Reputation: 1651
I would like to perform a window function with a filter clause, for example:
LAG("date", 1) FILTER (WHERE type='A') OVER (PARTITION BY id ORDER BY id ASC) AS "A_lag_1"
However, Postgres doesn't support this operation but I cant determine how else do it.
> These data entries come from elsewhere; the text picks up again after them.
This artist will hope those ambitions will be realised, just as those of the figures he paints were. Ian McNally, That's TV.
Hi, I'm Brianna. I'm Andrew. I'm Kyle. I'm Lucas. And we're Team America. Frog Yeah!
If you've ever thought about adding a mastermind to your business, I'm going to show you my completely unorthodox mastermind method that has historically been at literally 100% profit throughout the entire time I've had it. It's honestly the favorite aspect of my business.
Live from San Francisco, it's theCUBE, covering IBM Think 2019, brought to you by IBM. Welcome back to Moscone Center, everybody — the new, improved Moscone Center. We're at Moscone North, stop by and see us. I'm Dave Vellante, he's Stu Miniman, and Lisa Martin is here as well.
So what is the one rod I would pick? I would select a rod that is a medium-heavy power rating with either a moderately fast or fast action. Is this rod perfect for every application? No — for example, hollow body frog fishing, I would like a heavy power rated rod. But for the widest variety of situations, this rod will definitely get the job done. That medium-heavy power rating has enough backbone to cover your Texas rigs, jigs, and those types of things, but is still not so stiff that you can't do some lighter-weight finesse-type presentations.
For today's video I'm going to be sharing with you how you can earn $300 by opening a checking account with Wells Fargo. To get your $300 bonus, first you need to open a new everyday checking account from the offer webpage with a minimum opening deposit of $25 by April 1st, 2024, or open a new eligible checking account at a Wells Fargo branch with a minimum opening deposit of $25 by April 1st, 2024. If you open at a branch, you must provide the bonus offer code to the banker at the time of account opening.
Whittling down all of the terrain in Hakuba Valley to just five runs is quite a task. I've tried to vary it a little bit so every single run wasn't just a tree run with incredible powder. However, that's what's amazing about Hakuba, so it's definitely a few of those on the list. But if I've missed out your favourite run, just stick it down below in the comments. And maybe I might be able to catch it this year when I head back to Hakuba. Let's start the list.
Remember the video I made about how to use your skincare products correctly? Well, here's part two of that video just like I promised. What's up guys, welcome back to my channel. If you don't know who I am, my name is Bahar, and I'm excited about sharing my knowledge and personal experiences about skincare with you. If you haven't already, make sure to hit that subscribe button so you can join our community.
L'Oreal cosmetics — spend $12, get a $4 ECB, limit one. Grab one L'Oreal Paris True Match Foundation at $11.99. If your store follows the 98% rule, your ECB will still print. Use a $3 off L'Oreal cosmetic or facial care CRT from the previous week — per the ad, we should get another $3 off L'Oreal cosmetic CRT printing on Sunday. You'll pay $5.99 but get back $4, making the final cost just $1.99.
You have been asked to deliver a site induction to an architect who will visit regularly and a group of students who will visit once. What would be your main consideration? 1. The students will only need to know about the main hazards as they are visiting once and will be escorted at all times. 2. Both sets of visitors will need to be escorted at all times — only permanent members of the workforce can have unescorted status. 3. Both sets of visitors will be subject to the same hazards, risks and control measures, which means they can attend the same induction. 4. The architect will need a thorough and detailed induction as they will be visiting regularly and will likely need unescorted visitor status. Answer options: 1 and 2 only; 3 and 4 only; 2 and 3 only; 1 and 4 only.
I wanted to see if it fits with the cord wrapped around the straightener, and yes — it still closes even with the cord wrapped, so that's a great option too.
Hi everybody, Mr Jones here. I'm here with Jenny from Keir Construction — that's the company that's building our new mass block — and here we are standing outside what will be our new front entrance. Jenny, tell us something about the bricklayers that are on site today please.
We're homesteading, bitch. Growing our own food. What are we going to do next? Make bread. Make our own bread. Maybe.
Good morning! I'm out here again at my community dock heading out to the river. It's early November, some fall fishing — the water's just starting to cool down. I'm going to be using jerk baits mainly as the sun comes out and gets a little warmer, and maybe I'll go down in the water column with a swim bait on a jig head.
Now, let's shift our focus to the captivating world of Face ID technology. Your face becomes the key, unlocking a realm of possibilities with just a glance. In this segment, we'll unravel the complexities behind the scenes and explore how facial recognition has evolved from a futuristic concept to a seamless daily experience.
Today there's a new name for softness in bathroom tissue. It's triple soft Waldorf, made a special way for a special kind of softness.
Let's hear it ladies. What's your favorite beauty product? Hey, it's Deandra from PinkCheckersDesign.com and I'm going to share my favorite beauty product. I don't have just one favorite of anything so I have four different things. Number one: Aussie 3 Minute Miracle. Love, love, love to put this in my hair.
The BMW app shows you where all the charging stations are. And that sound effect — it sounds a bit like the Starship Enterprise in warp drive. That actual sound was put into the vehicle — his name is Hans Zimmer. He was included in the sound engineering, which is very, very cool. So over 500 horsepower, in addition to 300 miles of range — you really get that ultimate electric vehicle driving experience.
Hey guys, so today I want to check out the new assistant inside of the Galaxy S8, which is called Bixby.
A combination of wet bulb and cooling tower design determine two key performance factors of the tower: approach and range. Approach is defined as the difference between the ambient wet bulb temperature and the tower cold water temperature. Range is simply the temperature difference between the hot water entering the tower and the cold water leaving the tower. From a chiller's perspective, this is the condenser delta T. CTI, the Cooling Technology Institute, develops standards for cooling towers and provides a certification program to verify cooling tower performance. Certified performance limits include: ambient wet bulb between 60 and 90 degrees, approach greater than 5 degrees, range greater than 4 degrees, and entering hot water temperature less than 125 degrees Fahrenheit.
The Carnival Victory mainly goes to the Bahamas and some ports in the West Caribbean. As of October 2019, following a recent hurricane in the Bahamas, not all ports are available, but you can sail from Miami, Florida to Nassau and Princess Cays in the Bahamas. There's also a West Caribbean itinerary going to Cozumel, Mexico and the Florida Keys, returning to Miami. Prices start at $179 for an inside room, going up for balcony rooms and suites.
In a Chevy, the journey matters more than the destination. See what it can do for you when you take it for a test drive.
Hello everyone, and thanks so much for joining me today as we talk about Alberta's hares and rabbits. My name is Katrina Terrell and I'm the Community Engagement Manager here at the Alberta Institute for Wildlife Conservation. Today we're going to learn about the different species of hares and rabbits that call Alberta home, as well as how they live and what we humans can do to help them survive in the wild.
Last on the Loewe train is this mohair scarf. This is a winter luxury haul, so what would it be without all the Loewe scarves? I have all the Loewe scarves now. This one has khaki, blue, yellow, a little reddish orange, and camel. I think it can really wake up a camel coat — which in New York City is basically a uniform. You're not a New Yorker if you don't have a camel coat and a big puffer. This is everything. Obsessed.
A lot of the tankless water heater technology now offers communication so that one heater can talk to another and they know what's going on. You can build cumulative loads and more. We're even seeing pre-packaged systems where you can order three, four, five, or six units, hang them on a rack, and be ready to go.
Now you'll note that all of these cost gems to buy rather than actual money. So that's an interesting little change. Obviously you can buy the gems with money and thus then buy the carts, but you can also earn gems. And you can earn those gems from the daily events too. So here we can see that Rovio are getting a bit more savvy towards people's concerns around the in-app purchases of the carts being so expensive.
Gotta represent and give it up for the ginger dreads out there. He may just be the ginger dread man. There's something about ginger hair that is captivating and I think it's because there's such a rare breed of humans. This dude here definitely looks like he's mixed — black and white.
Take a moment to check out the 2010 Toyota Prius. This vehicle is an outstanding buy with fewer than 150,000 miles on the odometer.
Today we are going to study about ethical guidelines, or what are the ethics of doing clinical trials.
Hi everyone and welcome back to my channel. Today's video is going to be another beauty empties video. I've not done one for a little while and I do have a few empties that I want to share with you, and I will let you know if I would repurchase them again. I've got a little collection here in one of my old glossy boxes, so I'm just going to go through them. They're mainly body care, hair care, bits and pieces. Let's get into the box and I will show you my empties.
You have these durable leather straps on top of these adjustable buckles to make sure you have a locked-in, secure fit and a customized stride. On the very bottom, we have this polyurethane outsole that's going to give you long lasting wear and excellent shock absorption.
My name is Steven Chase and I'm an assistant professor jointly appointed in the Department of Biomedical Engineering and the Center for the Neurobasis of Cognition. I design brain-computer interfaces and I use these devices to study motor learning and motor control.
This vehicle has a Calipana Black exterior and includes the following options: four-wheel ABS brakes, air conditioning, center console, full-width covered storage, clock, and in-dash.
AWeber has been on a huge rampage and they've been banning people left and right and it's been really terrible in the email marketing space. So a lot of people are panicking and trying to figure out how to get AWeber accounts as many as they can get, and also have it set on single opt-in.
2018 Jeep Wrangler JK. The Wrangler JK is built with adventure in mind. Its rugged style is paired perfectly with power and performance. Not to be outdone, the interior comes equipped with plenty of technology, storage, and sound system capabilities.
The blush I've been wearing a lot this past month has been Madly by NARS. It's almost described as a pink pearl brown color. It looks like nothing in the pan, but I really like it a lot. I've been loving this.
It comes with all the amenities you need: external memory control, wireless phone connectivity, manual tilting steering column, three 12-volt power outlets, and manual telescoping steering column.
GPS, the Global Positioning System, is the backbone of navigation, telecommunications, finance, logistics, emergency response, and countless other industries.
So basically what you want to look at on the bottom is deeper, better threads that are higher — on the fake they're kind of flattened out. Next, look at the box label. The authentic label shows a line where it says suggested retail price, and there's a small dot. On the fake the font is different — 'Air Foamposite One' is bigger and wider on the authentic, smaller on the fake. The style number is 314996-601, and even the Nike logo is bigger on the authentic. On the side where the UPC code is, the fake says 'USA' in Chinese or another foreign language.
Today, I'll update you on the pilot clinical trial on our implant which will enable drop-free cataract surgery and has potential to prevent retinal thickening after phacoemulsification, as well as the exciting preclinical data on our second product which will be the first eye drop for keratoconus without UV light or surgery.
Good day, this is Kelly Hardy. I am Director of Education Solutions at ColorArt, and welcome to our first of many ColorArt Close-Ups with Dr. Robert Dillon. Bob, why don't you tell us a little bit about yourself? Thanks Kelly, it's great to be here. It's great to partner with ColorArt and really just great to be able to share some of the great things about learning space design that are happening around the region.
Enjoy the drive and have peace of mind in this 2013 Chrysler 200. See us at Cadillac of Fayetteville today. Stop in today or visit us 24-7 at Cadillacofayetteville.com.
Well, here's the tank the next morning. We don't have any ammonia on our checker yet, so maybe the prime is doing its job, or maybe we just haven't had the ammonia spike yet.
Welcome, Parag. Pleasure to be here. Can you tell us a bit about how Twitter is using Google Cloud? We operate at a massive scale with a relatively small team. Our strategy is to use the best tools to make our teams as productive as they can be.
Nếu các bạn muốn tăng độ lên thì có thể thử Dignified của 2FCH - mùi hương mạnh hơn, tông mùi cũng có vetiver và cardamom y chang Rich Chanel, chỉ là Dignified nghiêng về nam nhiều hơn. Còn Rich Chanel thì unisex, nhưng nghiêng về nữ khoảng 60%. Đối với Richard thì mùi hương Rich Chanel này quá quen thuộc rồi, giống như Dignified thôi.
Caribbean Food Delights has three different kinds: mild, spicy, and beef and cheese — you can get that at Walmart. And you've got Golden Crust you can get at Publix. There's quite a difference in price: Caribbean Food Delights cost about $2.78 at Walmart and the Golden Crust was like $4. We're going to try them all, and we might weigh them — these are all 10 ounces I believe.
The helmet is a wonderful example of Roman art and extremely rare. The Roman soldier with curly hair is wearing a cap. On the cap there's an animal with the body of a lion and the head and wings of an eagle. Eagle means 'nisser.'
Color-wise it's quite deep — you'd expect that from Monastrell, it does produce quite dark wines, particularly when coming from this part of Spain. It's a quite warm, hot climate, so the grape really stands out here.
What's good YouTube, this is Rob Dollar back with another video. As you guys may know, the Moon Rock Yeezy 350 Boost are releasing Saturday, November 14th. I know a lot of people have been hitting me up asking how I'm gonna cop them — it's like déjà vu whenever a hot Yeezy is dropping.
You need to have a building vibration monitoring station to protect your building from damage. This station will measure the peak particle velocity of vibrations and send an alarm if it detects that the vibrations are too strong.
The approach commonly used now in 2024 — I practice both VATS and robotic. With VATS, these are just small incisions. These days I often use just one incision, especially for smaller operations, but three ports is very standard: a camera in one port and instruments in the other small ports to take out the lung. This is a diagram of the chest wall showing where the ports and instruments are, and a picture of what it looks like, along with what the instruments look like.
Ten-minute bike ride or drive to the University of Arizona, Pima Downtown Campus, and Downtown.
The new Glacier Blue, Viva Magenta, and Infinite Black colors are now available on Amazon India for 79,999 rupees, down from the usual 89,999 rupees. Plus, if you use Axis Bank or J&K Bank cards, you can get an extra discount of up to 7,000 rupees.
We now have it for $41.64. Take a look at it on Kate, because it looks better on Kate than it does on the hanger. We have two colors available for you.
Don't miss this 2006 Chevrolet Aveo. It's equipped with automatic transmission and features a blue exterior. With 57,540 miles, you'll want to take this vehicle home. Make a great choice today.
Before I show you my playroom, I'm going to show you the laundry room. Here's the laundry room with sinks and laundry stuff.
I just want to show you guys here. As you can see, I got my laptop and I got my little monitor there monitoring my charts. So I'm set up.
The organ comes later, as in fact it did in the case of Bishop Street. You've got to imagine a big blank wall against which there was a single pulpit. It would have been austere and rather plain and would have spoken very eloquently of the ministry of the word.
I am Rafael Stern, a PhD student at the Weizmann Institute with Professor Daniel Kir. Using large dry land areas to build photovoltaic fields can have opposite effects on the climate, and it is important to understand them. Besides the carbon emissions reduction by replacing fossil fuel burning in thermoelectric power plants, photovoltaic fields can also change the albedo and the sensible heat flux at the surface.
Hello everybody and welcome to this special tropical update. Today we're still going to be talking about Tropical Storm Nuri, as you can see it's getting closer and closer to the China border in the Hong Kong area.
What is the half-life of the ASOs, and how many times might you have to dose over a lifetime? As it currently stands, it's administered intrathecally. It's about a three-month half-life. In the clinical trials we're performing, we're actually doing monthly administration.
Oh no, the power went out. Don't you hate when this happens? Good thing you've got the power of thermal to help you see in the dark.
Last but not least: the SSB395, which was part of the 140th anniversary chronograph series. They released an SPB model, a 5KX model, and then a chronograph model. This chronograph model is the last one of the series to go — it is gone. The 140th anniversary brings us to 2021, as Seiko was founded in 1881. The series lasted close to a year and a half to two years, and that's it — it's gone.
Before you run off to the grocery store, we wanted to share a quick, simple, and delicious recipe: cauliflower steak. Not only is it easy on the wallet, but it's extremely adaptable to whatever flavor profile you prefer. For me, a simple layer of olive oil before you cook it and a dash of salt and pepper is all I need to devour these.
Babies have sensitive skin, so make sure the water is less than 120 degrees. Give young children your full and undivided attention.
Details below
Challange
Input tab_A
:
+----+------+------+
| id | type | date |
+----+------+------+
| 1 | A | 30 |
| 1 | A | 25 |
| 1 | A | 20 |
| 1 | B | 29 |
| 1 | B | 28 |
| 1 | B | 21 |
| 1 | C | 24 |
| 1 | C | 22 |
+----+------+------+
Desired output:
+----+------+------+---------+---------+---------+---------+---------+---------+
| id | type | date | A_lag_1 | A_lag_2 | B_lag_1 | B_lag_2 | C_lag_1 | C_lag_2 |
+----+------+------+---------+---------+---------+---------+---------+---------+
| 1 | A | 30 | 25 | 20 | 29 | 28 | 24 | 22 |
| 1 | A | 25 | 20 | | | | 24 | 22 |
| 1 | A | 20 | | | | | | |
| 1 | B | 29 | 25 | 20 | 28 | 21 | 24 | 22 |
| 1 | B | 28 | 25 | 20 | 21 | | 24 | 22 |
| 1 | B | 21 | 20 | | | | 24 | 22 |
| 1 | C | 24 | 20 | | 21 | | 22 | |
| 1 | C | 22 | 20 | | 21 | | | |
+----+------+------+---------+---------+---------+---------+---------+---------+
In words:
date
column)type
('A', 'B', 'C') put the most recent date
in A_lag_1
and the second the most recent (by date) value in A_lag_2
for type
'A', and B_lag_1
, B_lag_2
for 'B' etc.The above example is quite simplified, in my real use case there will be a lot more id
values, more lag column iterations A_lag_X
and types.
Posible solution
This challenge seems a perfect fit for a window function as I want to keep the same number of rows tab_A
and append information which is related to the row but in the past.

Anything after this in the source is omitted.